I have friends who lived in a garage while their house was being built. They had young kid s and found that Corelle doesnt do well with cement.


----------



## sohj (Jan 14, 2003)

Just a small voice in the corner suggesting that the microwave isn't used at all. I use a double boiler to re-heat nearly everything, up to and including single portions of pastry. I use one with a large upper pot, this one by Tramontina: http://www.125west.com/Tramontina_Ki..._cookware.html If you scroll down the page, you'll come to the double boilers. Yes, they are not cheap, but I've never thought microwave ovens were, either. Also, I can cook rice in the bottom (nice, heavy pots) while something re-heats in the top. Note what large capacity these are...2 quarts or 3.75 quarts! That's a lot of food. Then, I just serve in whatever serving plate I want to use.

More flexible, too. I've taken this and put it on a campfire. Can't do that with a microwave oven!


----------



## Ruthla (Jun 2, 2004)

I have two sets of Corelle dishes (one for meat and one for dairy.) Growing up we had Corelle as well, both before and after we got our first microwave oven.
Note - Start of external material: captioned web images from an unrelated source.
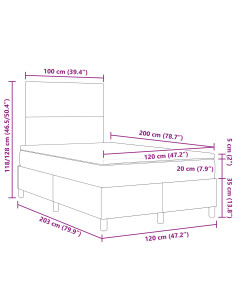 Letto a molle con testiera Grigio Scuro e Bianco 120 x 200 cm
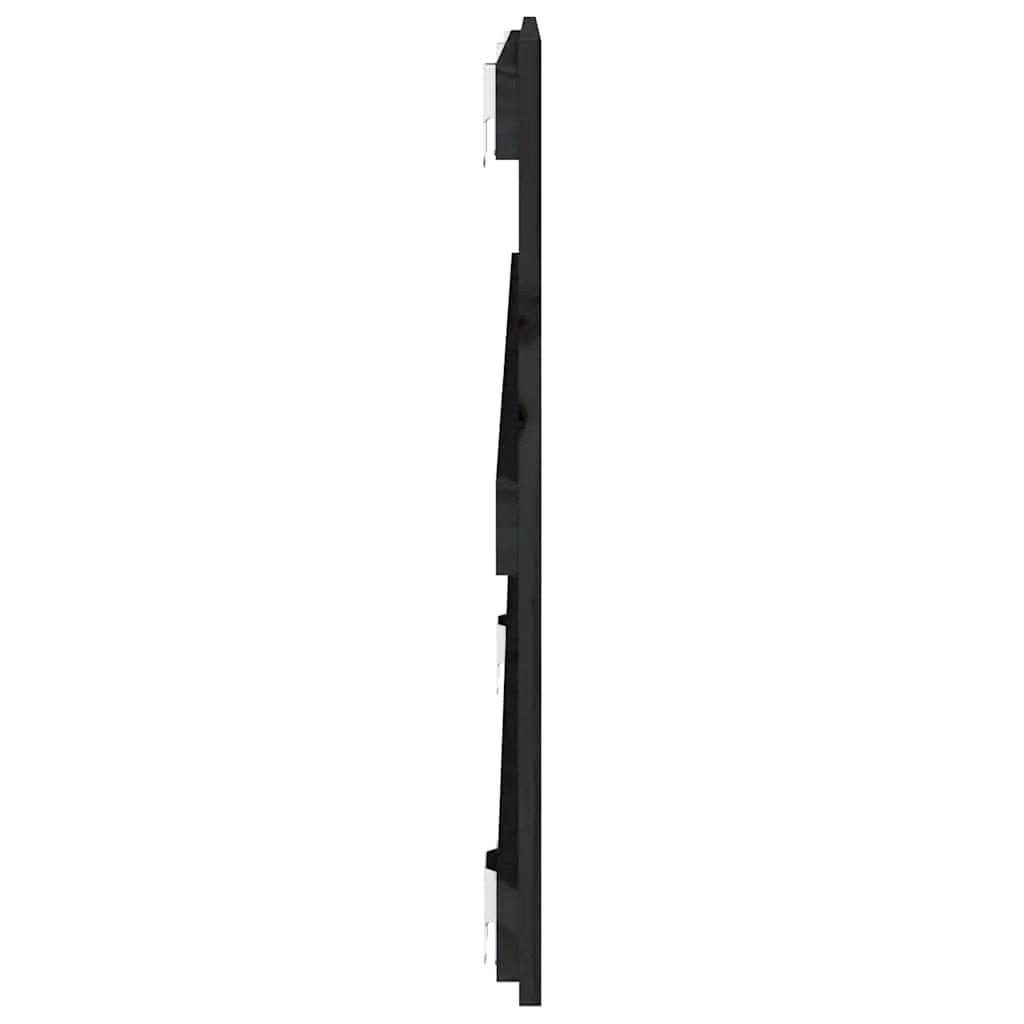 sengegavl 127,5x3x60 cm massivt fyrretræ sort - Image 5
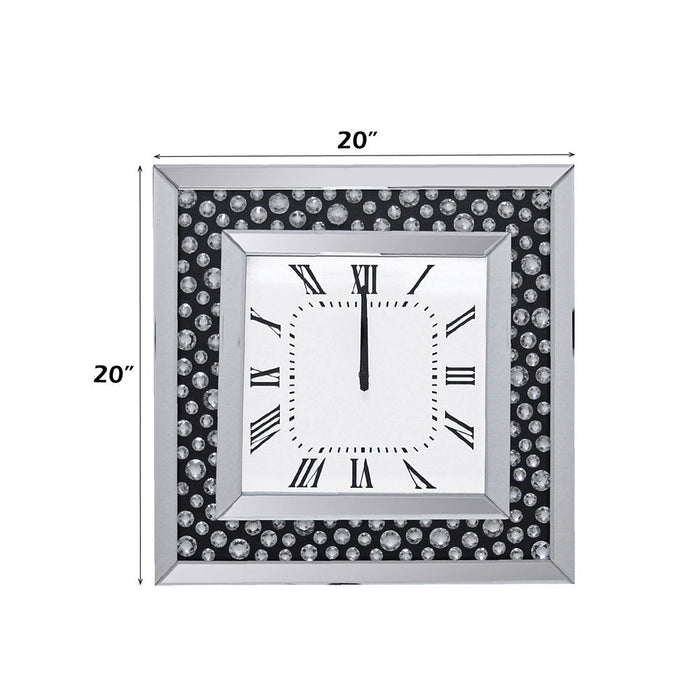 Nysa - Wall Clock - Mirrored & Faux Crystals ACME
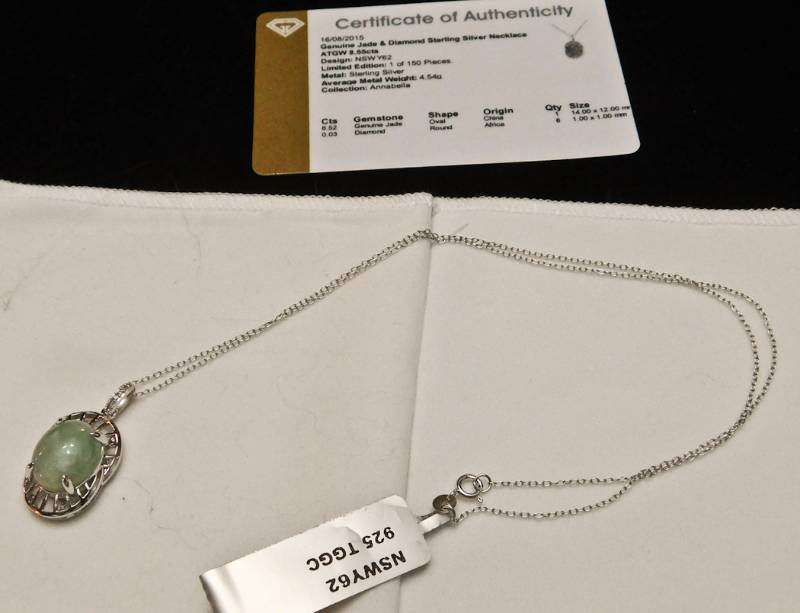 Sterling Silver Necklace Pentant - Genuine Jade & Diamond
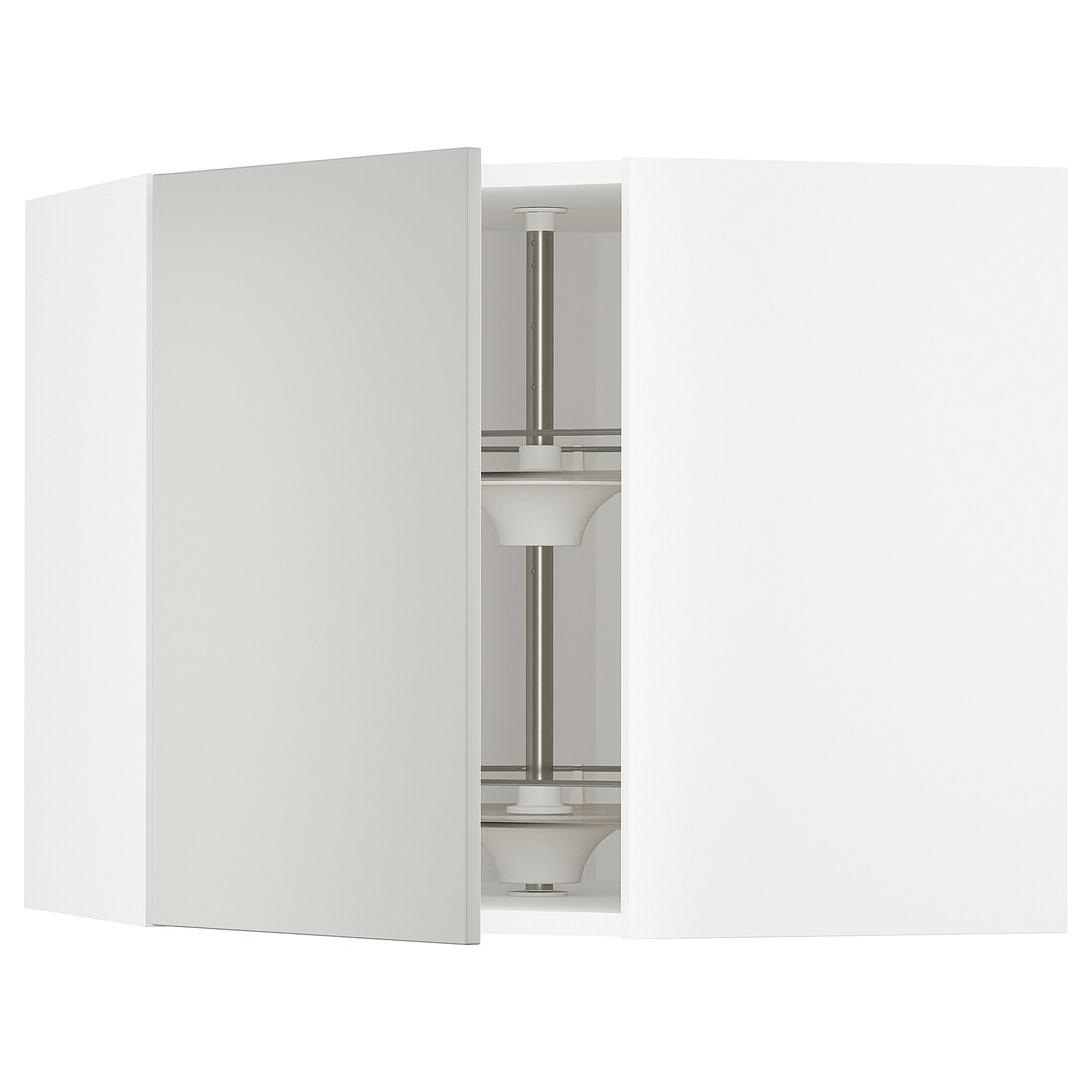 METOD Кутова настінна шафа з каруселлю, білий / Хавсторп світло-сірий, 68x60 см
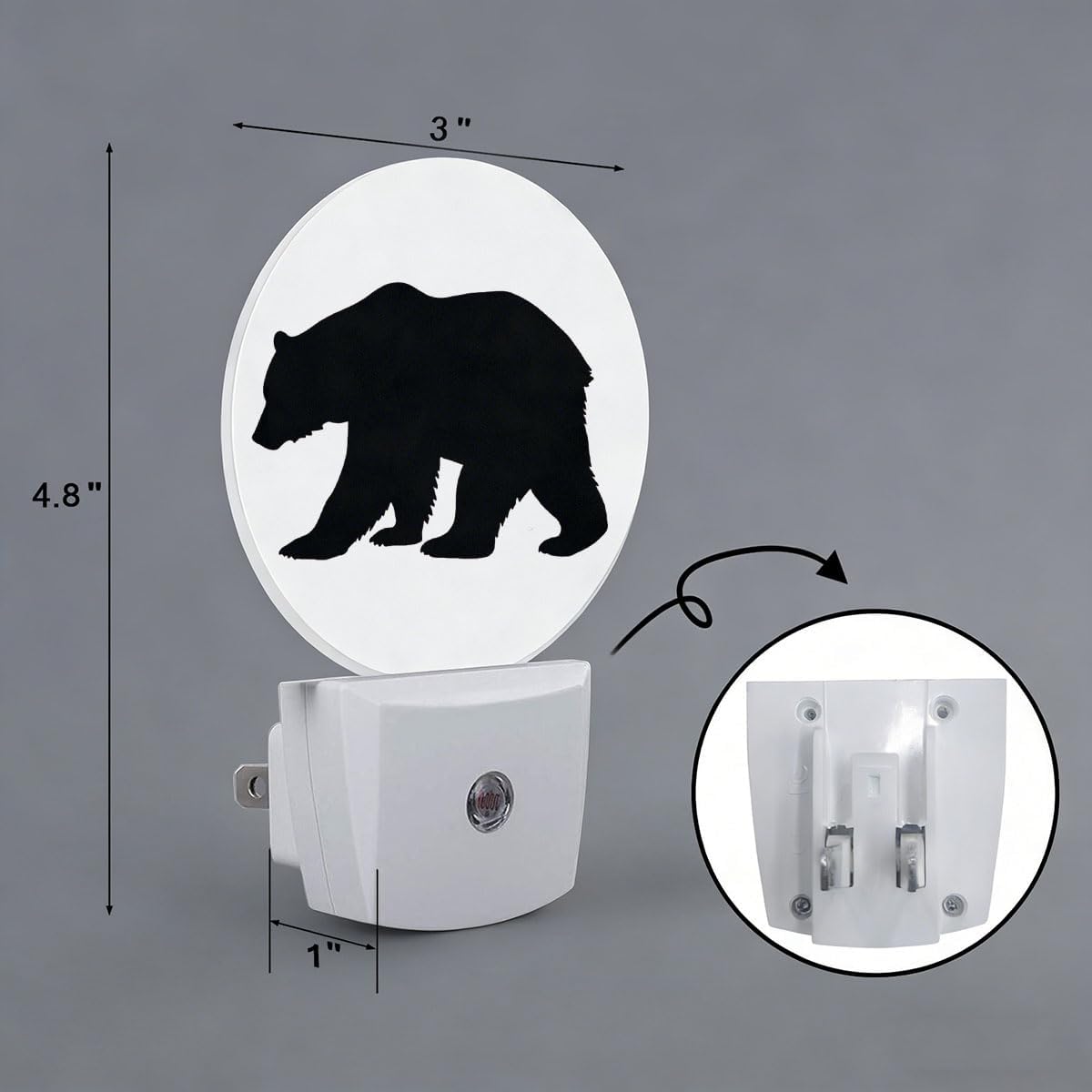 Black Bear Night Light Plug Into Wall Auto Led Sleep Round Lamp for Living Room Hallway Stairs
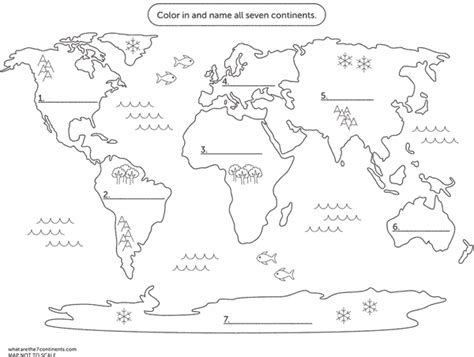 FREE Coloring Map of the 7 Continents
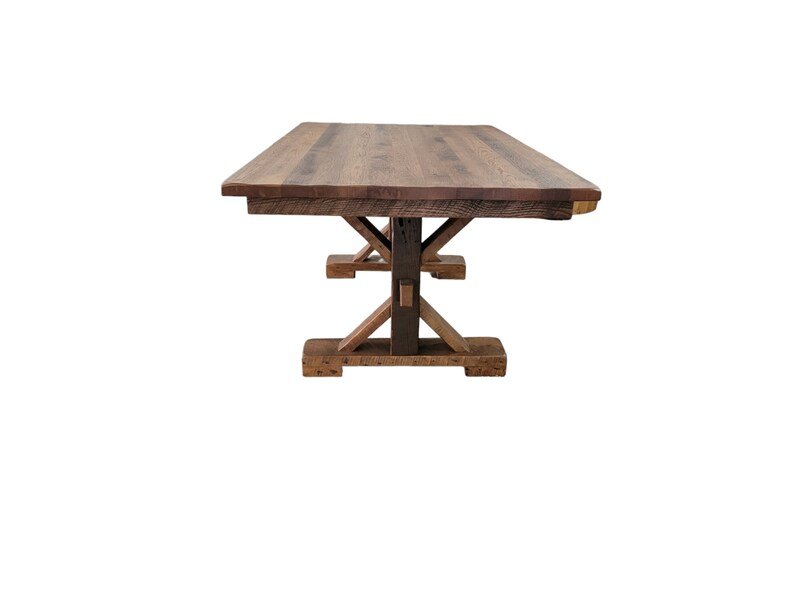 Reclaimed Barnwood Dining Table 72” – Rustic Oak & Maple Farmhouse Table - 1st Choice Furniture Direct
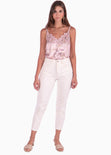 Blusa con estampado de flores y encaje en escote color rosado para mujer - Flashy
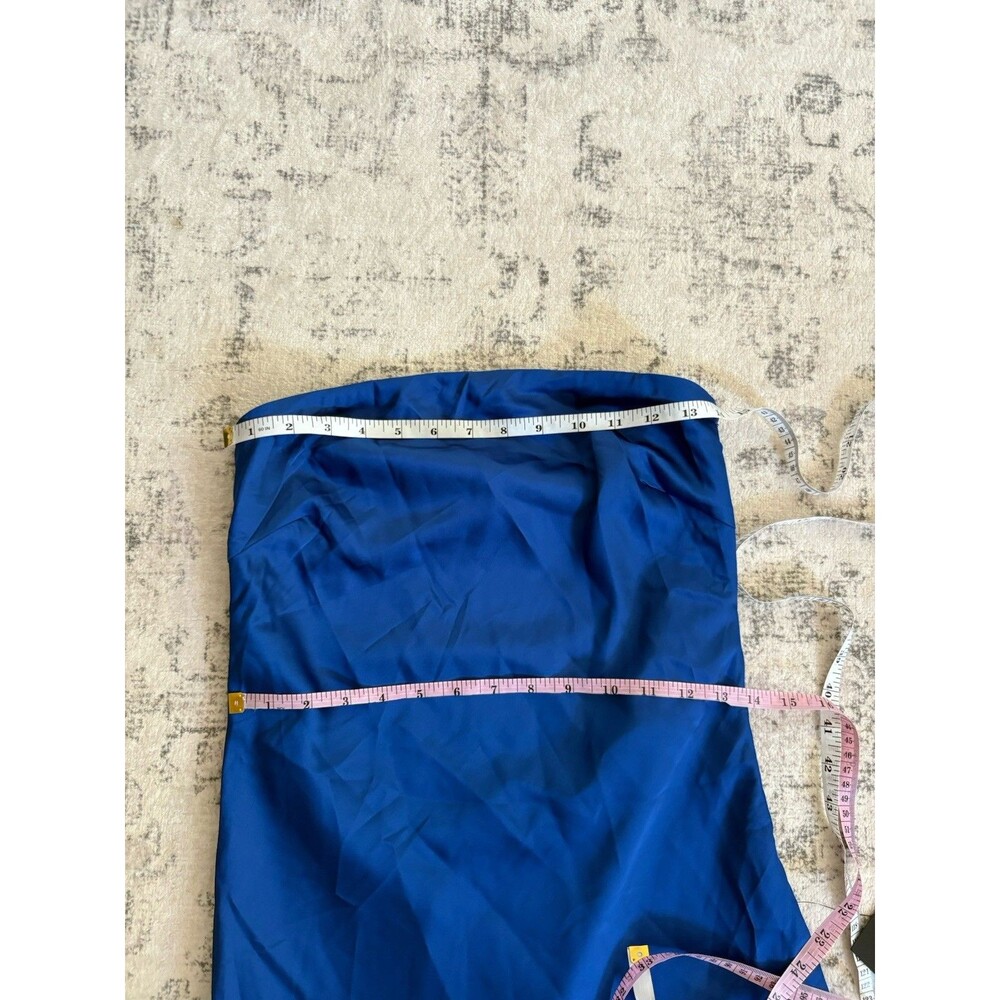Lulus Effortless Bliss Royal Blue Satin Strapless Cowl Back Midi Dress Small NWT - Picture 5 of 8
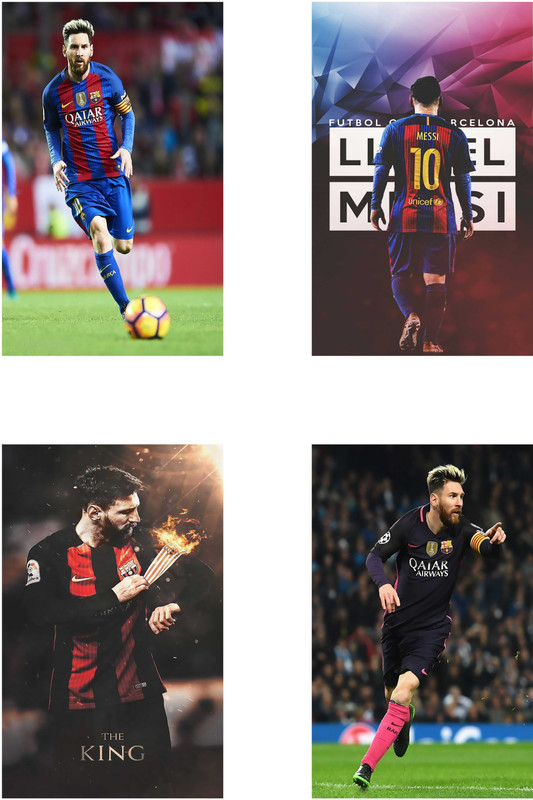 Leo Messi Poster Set of Four Posters | Leo Messi poster for room | Leo Messi Motivational poster | Leo Messi Inspirational poster | Leo Messi Quotes poster Paper Print(18 inch X 12 inch, Rolled)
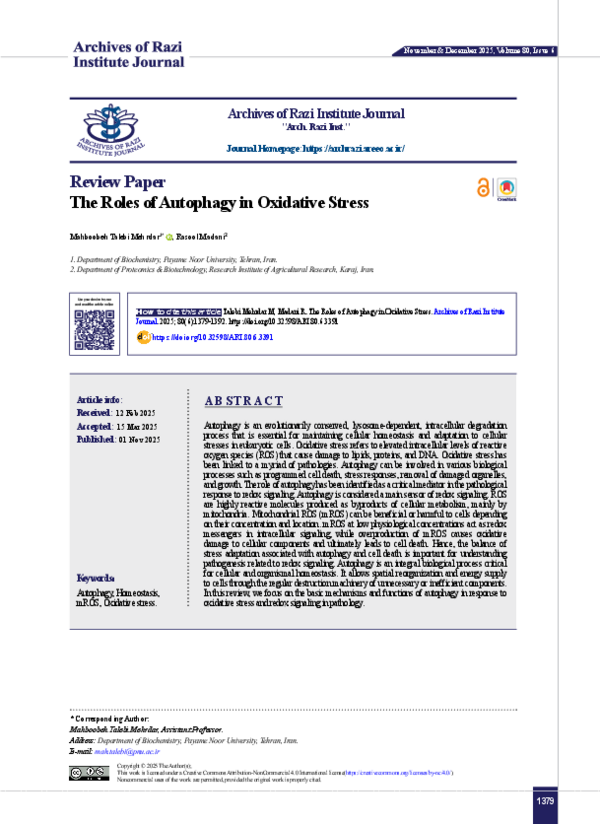 (PDF) The Roles of Autophagy in Oxidative Stress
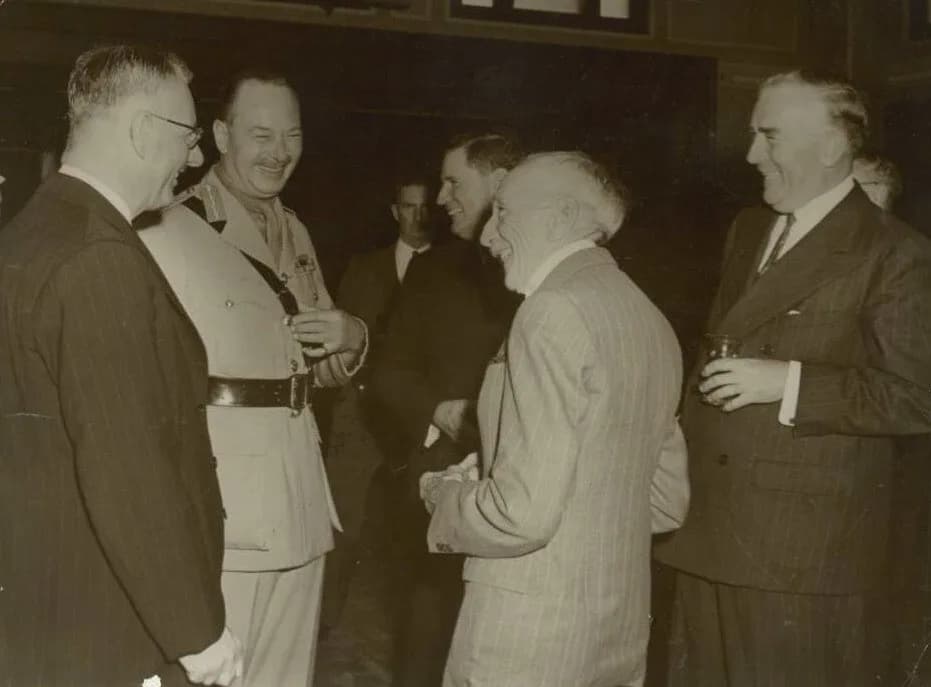 Robert Menzies - From left to right: Prime Minister John Curtin, Governor General Prince Henry, Duke of Gloucester, Former Prime Minister Arthur Fadden, Former Prime Minister Billy Hughes, Former Prim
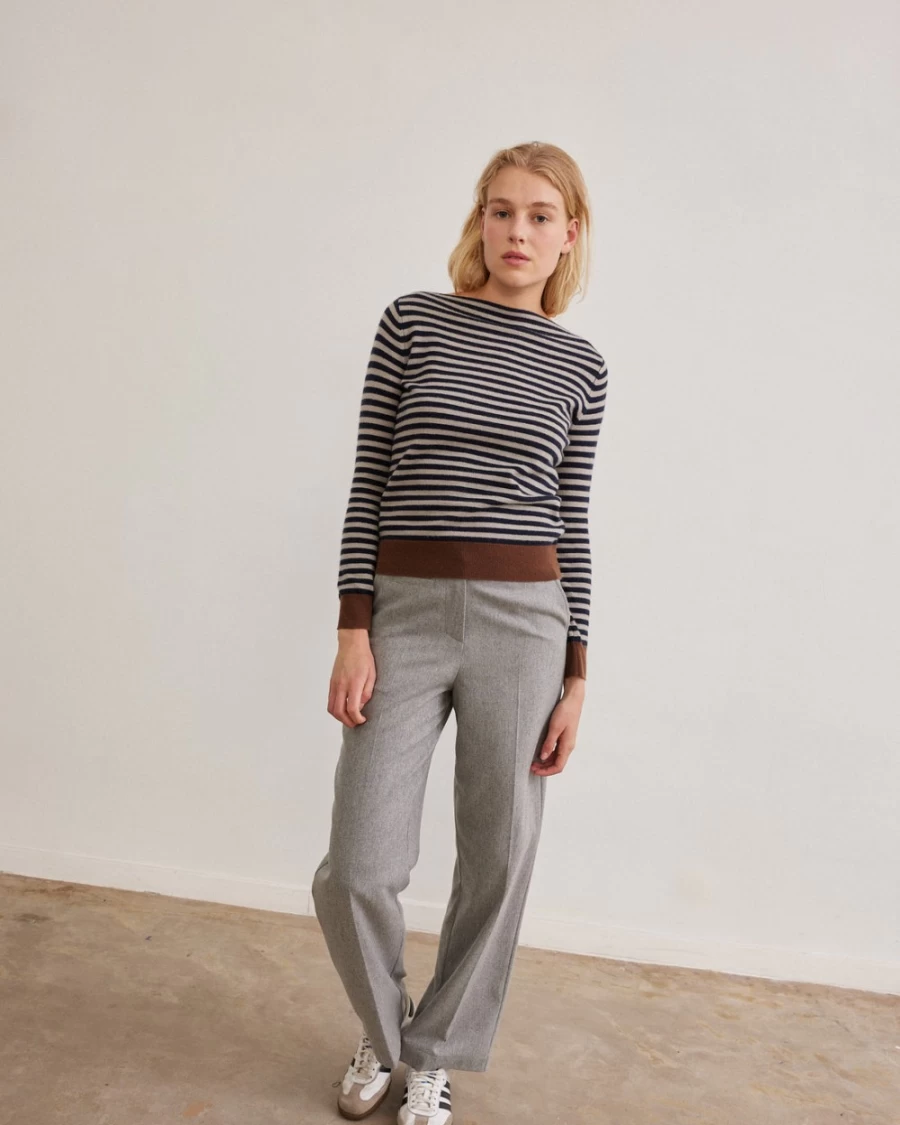 Rue Blanche Women's Lumina Stripe 23A Straight Leg Jeans in Smoke Wash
Using them in the microwave weakens them- if you regularly "nuke" the dishes, then they probably WILL break when the toddler throws it onto the vinyl floor from the high chair (or slips out of your hands when you're unloading the dishwasher- ask me how I know this.







) Our pre-microwave set of Corelle dishes held up a lot better (though it still got chipped from normal use.)


----------



## messy mama (Jan 14, 2005)

Quote:


Originally Posted by *sohj*
Just a small voice in the corner suggesting that the microwave isn't used at all. I use a double boiler to re-heat nearly everything, up to and including single portions of pastry. I use one with a large upper pot, this one by Tramontina: http://www.125west.com/Tramontina_Ki..._cookware.html If you scroll down the page, you'll come to the double boilers. Yes, they are not cheap, but I've never thought microwave ovens were, either. Also, I can cook rice in the bottom (nice, heavy pots) while something re-heats in the top. Note what large capacity these are...2 quarts or 3.75 quarts! That's a lot of food. Then, I just serve in whatever serving plate I want to use.

More flexible, too. I've taken this and put it on a campfire. Can't do that with a microwave oven!









That is such a good idea!! I reheat on the stove all the time. But for some things it never seemed practical. Why didn't I ever think to use my double boiler?!







Thanks so much for that awesome tip!!!! You just made my life a little bit easier.


----------



## sapphire_chan (May 2, 2005)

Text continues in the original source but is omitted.